Auditing firm loses human rights violation appeal
The Constitutional Court has overturned a judgment which had found that the fundamental human rights of an accountancy firm were violated. The judgment was delivered in a constitutional case filed by Deloitte and Touche Certified Public Accountants and...
The Constitutional Court has overturned a judgment which had found that the fundamental human rights of an accountancy firm were violated.
The judgment was delivered in a constitutional case filed by Deloitte and Touche Certified Public Accountants and Auditors and the firm's partners against the Attorney General and the Registrar of Courts.
The court heard that the firm had been used by Valle Del Miele Ltd in 2001 for work in connection with the Price Club chain of supermarkets.
A preliminary judgment was delivered by the First Hall of the Civil Court in December 1, 2003, and the accountancy firm had requested the permission of that court to appeal from the judgment to the Court of Appeal.
The authorisation was given on December 12, 2003, and the firm lodged its appeal on December 29 of that year.
But in June, 2004, the Court of Appeal ruled that the appeal could not be accepted as it had not been filed within the legal time limit.
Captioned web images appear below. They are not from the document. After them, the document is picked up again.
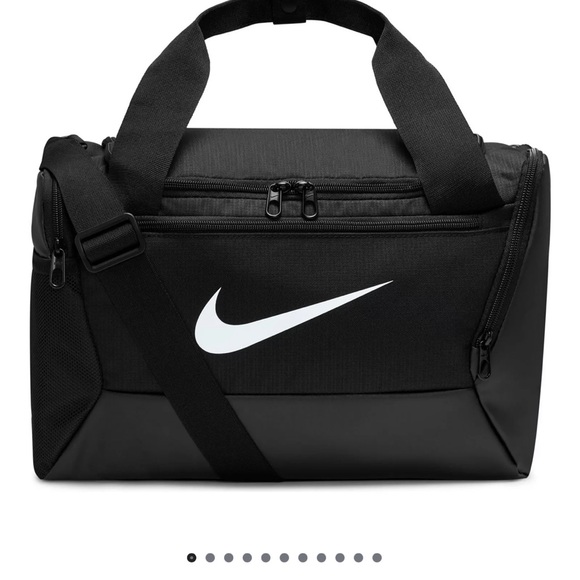 Nike Black 9.5 extra small training Brasilia Duffel Bag - Picture 1 of 8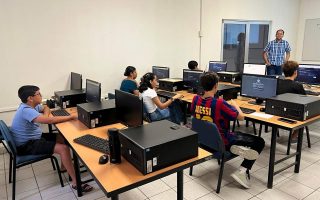 Con curso de verano, UdeC acerca la historia y la astronomía a un grupo de adolescentes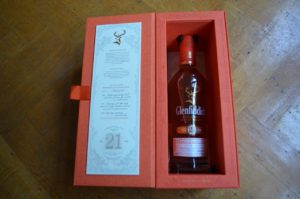 glenfiddich packaging design aesthetic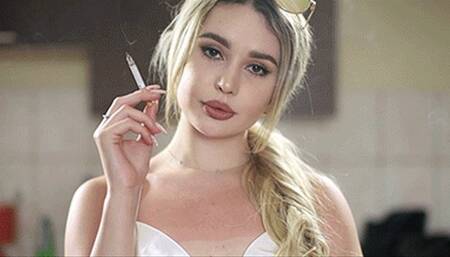 Mia loves smoking
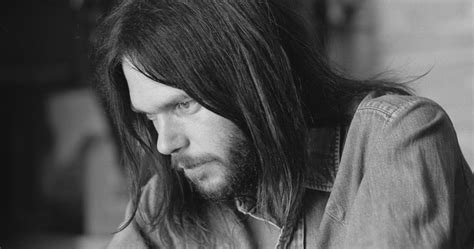 Neil Young Confirms ‘archives Volume Ii 1972 1976 Tracklist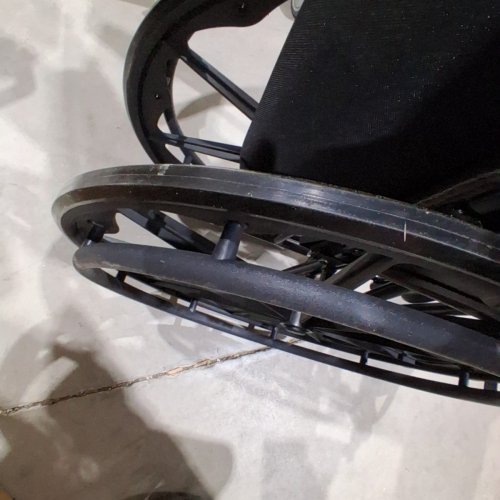 MEDLINE GUARDIAN K1 WHEELCHAIR - 16" SEAT - 300LB CAPACITY - BLACK (MODEL: K1166N22S) image 4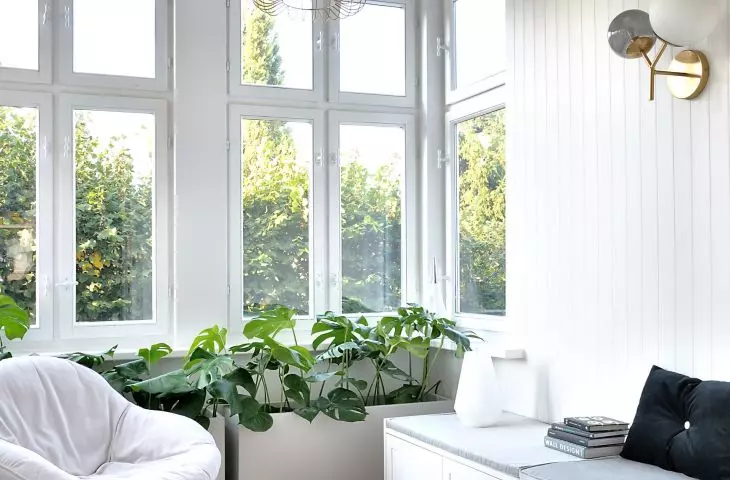 glazed bay window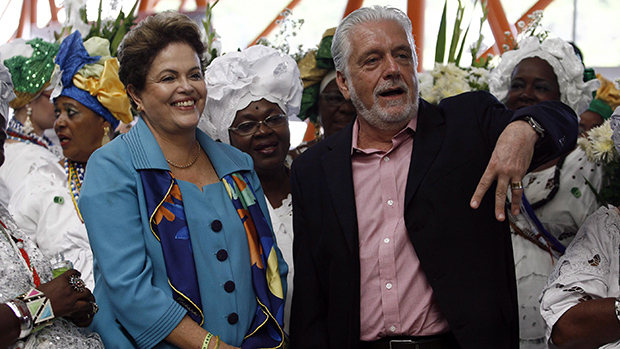 Após 14 anos, o metrô de Salvador é inaugurado por Dilma Roussef junto ao Governador da Bahia, Jaques Wagner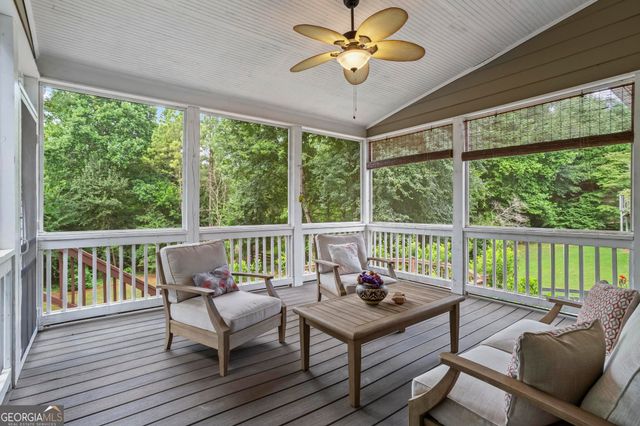 203 Glenhaven Way, Woodstock, GA 30188
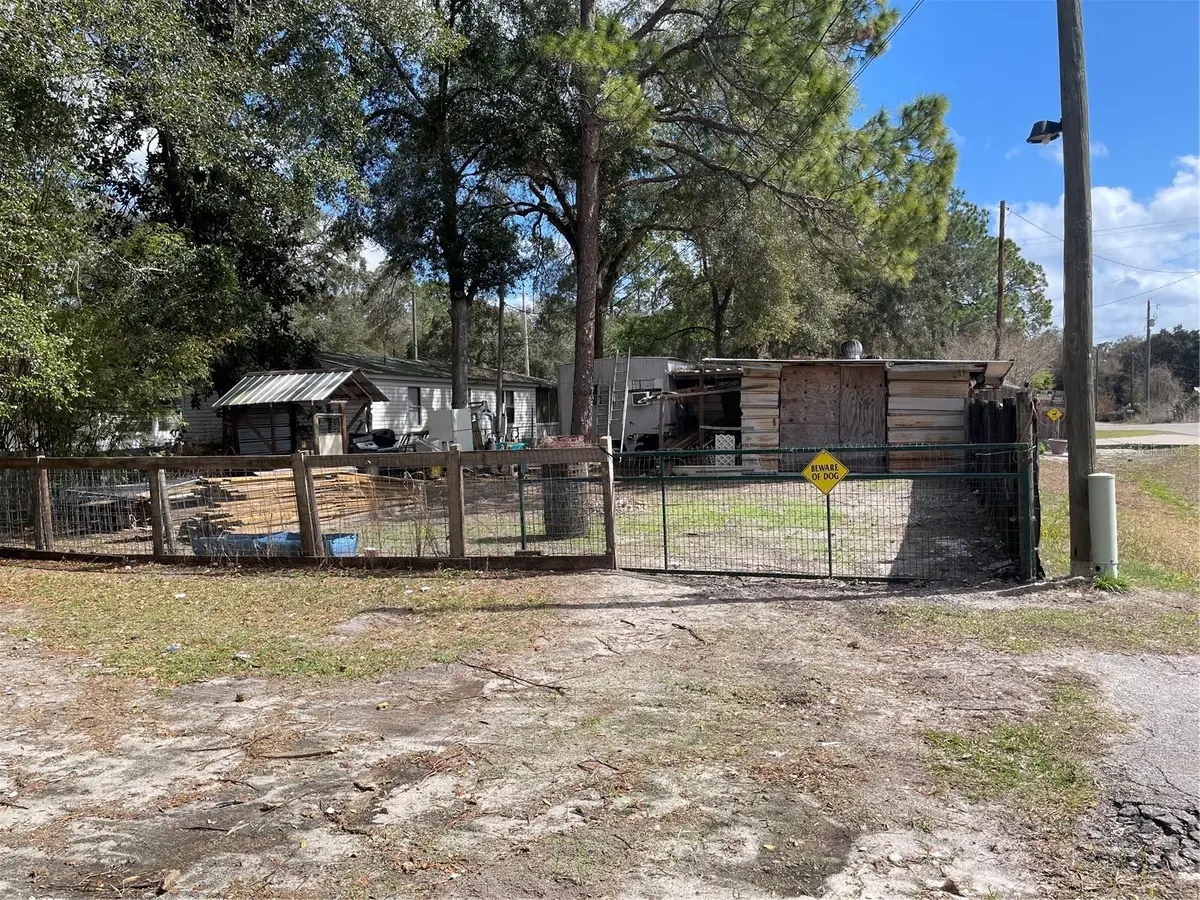 18569 SE 22nd Lane, Silver Springs, FL 34488 - #1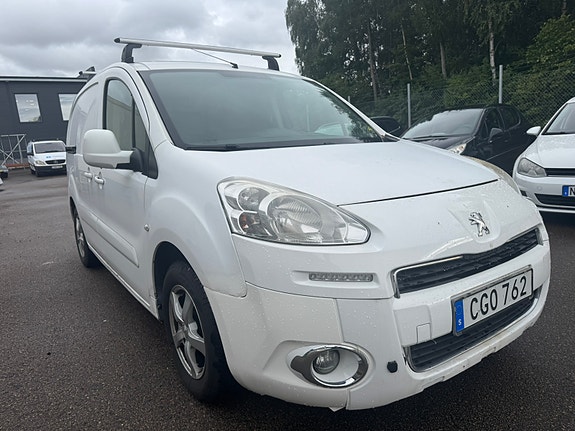 Peugeot Partner 3 of 8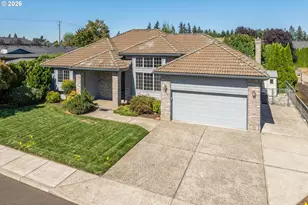1110 NE 15th Ave, Canby, OR 97013 - Photo 4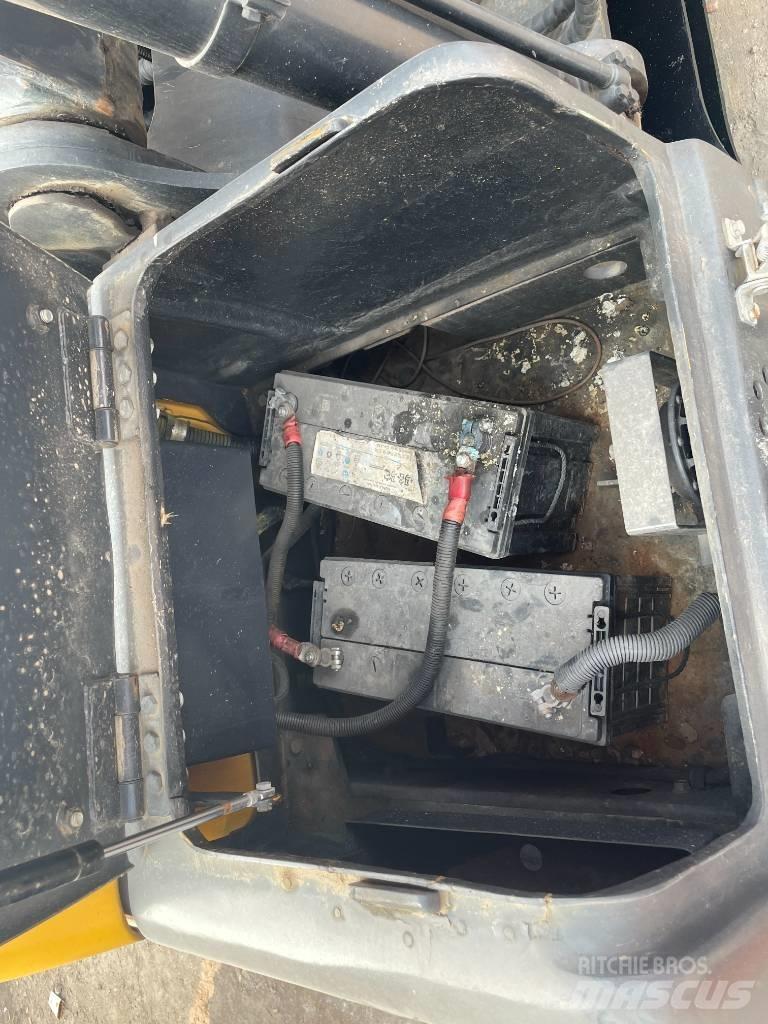 Volvo EC 140 大型油圧ショベル12t以上（パワーショベル・ユンボ）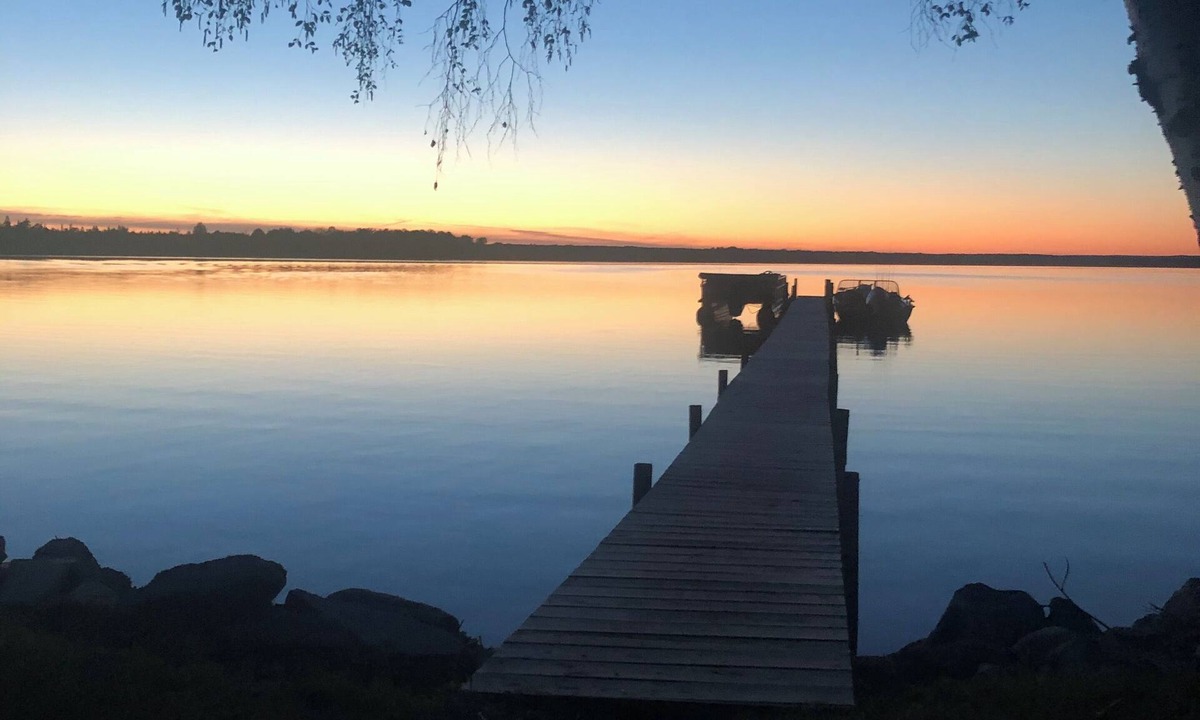 Engadine Cabin | Cabin located on beautiful Lake Millecoquins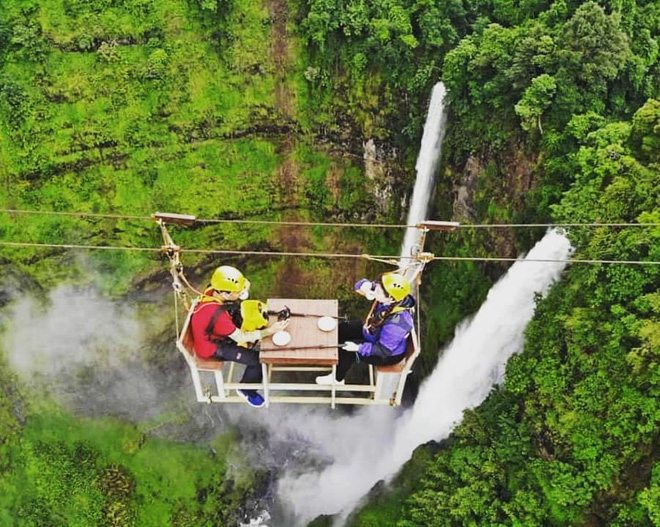 Muốn thử cảm giác mạnh ở Lào, đu đưa ngay trên võng và uống cafe giữa thác nước cao 140m này đi! - Ảnh 11.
According to the appellate court, an appeal from a preliminary judgment had to be filed within 20 days from the date of the judgment and not within 20 days from the authorisation to appeal.
Deloitte and Touche then had recourse to the First Hall of the Civil Court (in its constitutional jurisdiction) claiming that the decision by the Court of Appeal had violated its fundamental human right to a fair hearing and access to the courts.
In November 2006, the First Hall of the Civil Court ruled that the judgment by the Court of Appeal of June 2004 had violated the firm's fundamental human rights to access to the court.
The Attorney General then appealed to the Constitutional Court, composed of Mr Justice Giannino Caruana Demajo, Mr Justice Joseph R. Micallef and Mr Justice Tonio Mallia.
The Constitutional Court declared that it agreed with the firm that the interpretation of the law as expressed by the Court of Appeal, in its judgment of June 2004, was incorrect.
However, not every incorrect interpretation gave rise to a violation of fundamental human rights. If this were the case, then every time a person lost a court case, he would be able to request the case to be heard again on the basis of a violation of human rights. The court had therefore to decide whether the wrong interpretation of the law in this particular case had given rise to a violation of the firm's right to recourse to the courts.
A person aggrieved by a preliminary judgment was entitled to appeal from this judgment on two occasions, the first being immediately after the judgment was given and the authorisation of the court issued, and the second after the final judgment was delivered.
But a person/body was not entitled to lodge two appeals from the preliminary judgment, and had to decide whether to appeal immediately after it was delivered or together with an appeal from the final judgment.
It was therefore clear that the firm had not been deprived of its right to access to the court of appeal. The firm had only been deprived of the right to lodge an appeal from the preliminary judgment immediately after it was delivered. This could not be said to be a violation of the firm's fundamental human rights.
The Constitutional Court, therefore, upheld the appeal lodged by the Attorney General and found that no violation of the firm's rights had occurred.